The simulated text doesn’t make much sense, but it actually sounds a bit like medieval Polish. Some words have even meaning (at least for polish speekers e.g. tiegoż, kto etc.). Anyway, an average American probably wouldn’t guess which text is the original one.

Does our method of detecting natural language work?

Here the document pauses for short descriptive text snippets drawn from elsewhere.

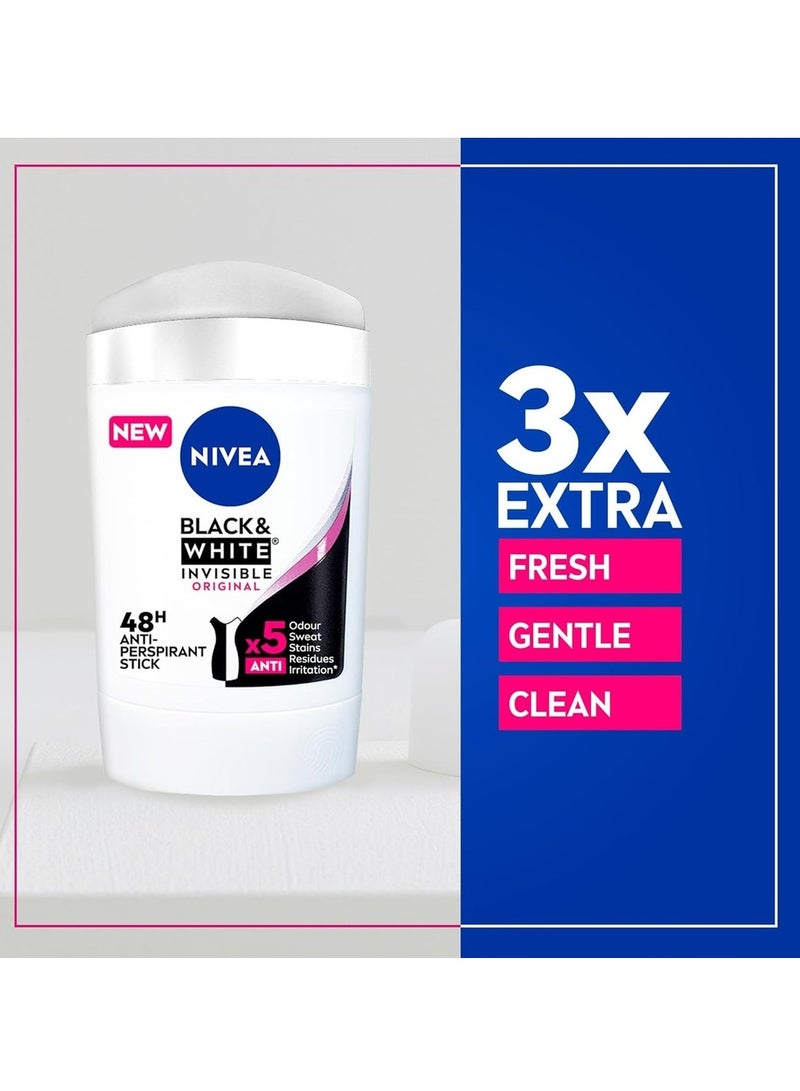 Nivea Antiperspirant Stick For Women, 48h Protection, Black & White Invisible Original, 50ml - Image 3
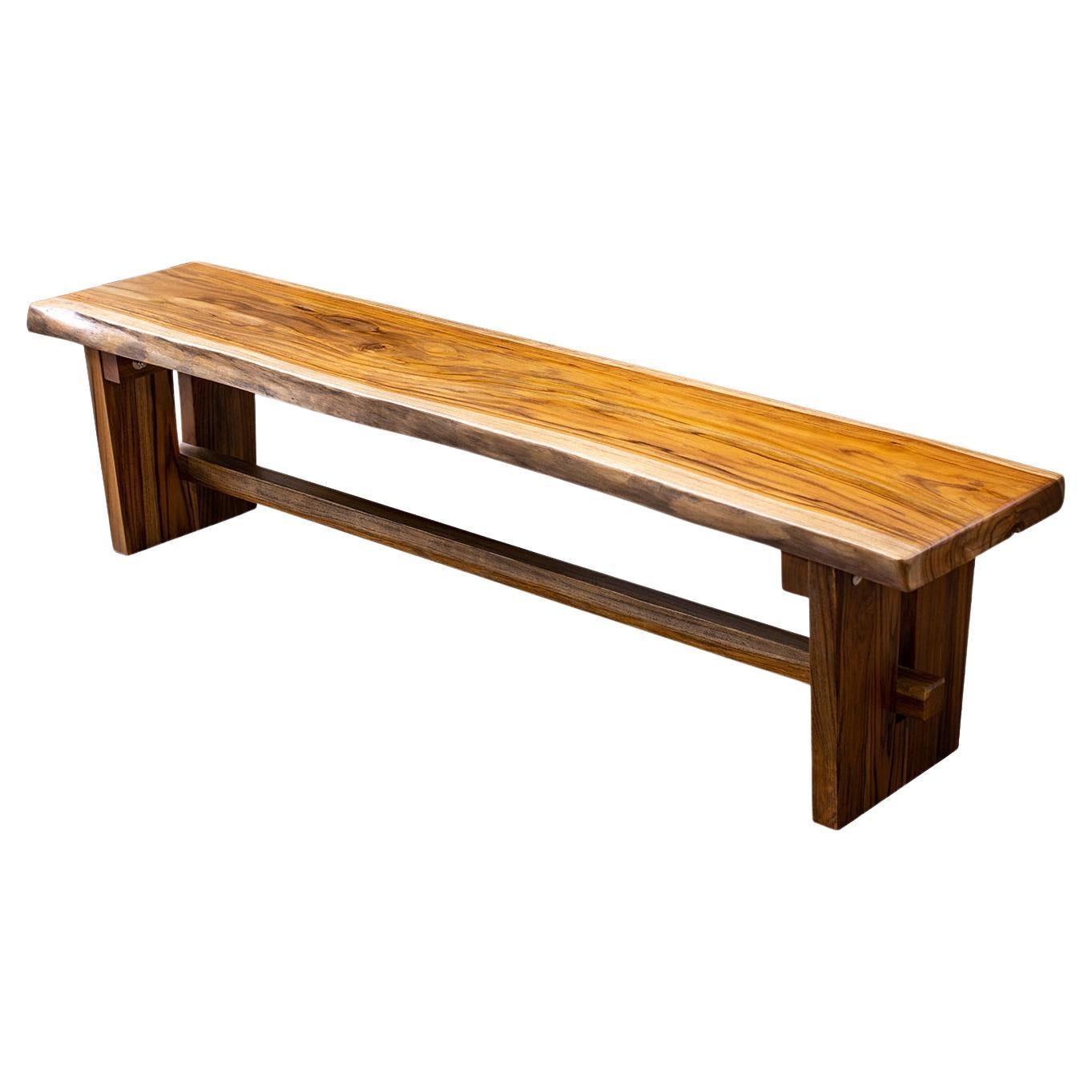 72 In Live Edge Solid Teak Plank Bench in Natural Smooth For Sale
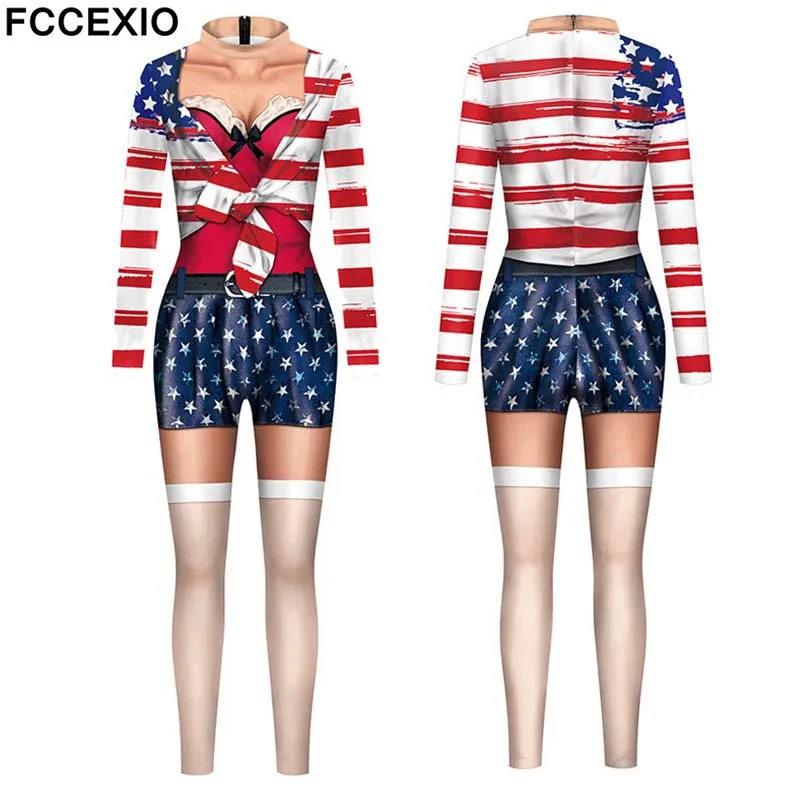 FCCEXIO 2021 Independence Day Pattern 3D Print Sexy Bodysuits Women  Long Sleeve Cosplay New Jumpsuit Party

SimTextProb <- log(letter.probs[SimText[1]])
for(i in 2:length(SimText)){
  SimTextProb <- SimTextProb + log(GlabMatr[SimText[i-1], SimText[i]])
}
SimTextProb
##        y 
## -10640.4

Our algorithm thinks that this is absolutely correct text. This is why I’ve written that this is a very basic approach to detecting texts in natural languages - we would need to make many improvements to make it work. Among others, we would need a proper training dataset - usually, in applications like this one, transition matrices are trained on millions of characters.

Your tasks:

As we have non-Polish speaking students we will use this fact to apply Markov Chain to generate old English and compare those to modern English.

For examples see: ‘old_english.txt’ and ‘modern_english.txt’ (the text are equivalent). Hint: for training use ‘old_english_long.txt’ which is Orosius - The Amazons - larger corpus for better results.

Can you see difference between orginal old text and the simulated?